Copy from the first line below down to and including the line with "Magenta pink cotton straight kurta set". Skip the pictures.

Entries taken from a collection
■ ■ ■ ■ ■ ■ ■

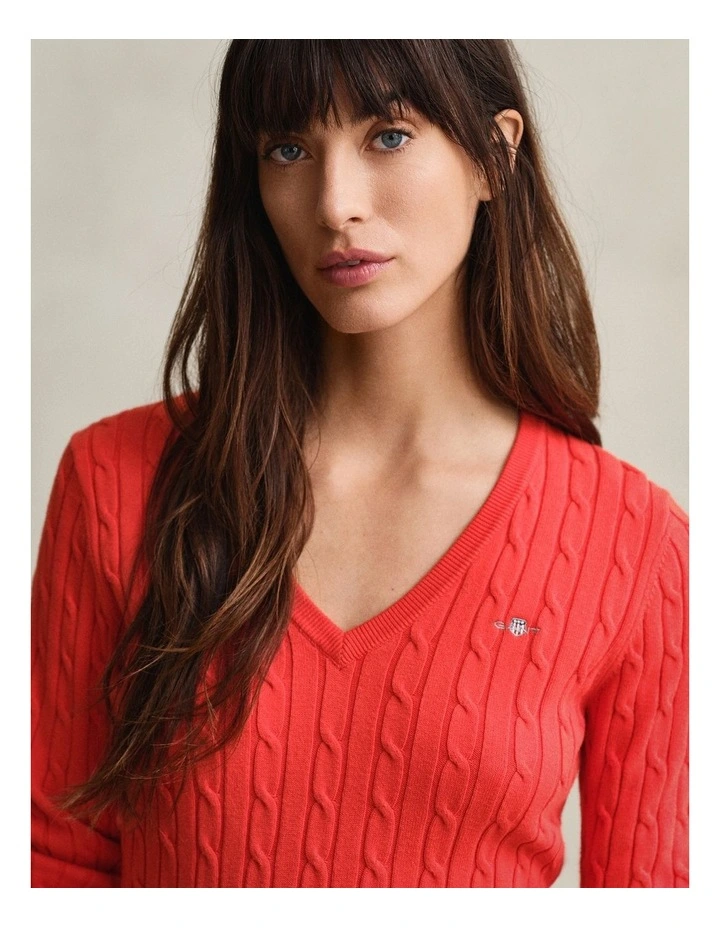 Cable Knit VinNeck Sweater in Perfect Red image 3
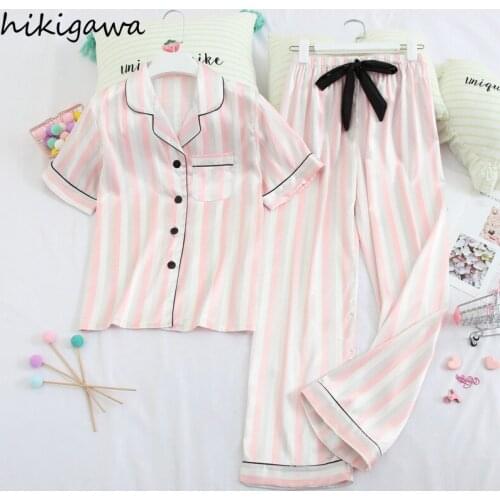 Hikigawa Spring/Summer Thin Trousers Short Sleeve Lapel Homewear Women Simple Lapel Cardigan Casual Silk Ladies Pajamas Sets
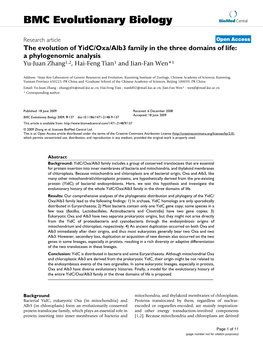 BMC Evolutionary Biology Biomed Central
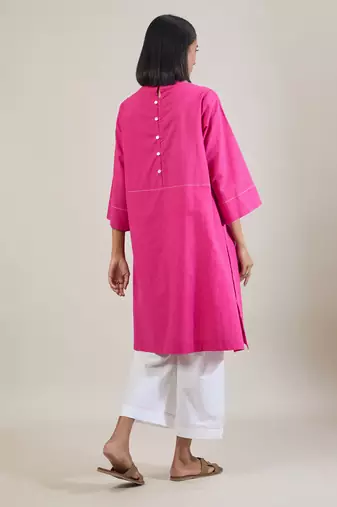 Magenta pink cotton straight kurta set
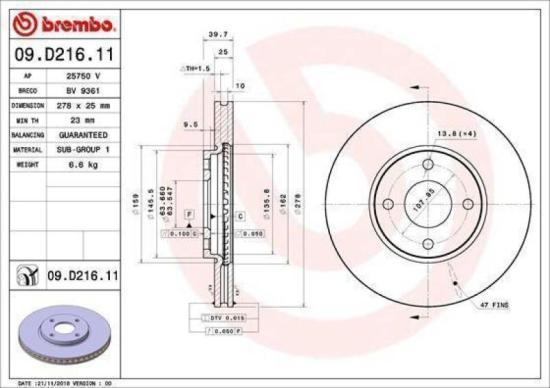 BREMBO Bremsbelagsatz, Scheibenbremse P 24 061 + Bremsscheibe 09.D216.11 Bild BREMBO Bremsbelagsatz, Scheibenbremse P 24 061 + Bremsscheibe 09.D216.11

■ ■ ■ ■ ■ ■ ■

EXERCISE OUTPUT
 Cable Knit VinNeck Sweater in Perfect Red image 3
 Hikigawa Spring/Summer Thin Trousers Short Sleeve Lapel Homewear Women Simple Lapel Cardigan Casual Silk Ladies Pajamas Sets
 BMC Evolutionary Biology Biomed Central
 Magenta pink cotton straight kurta set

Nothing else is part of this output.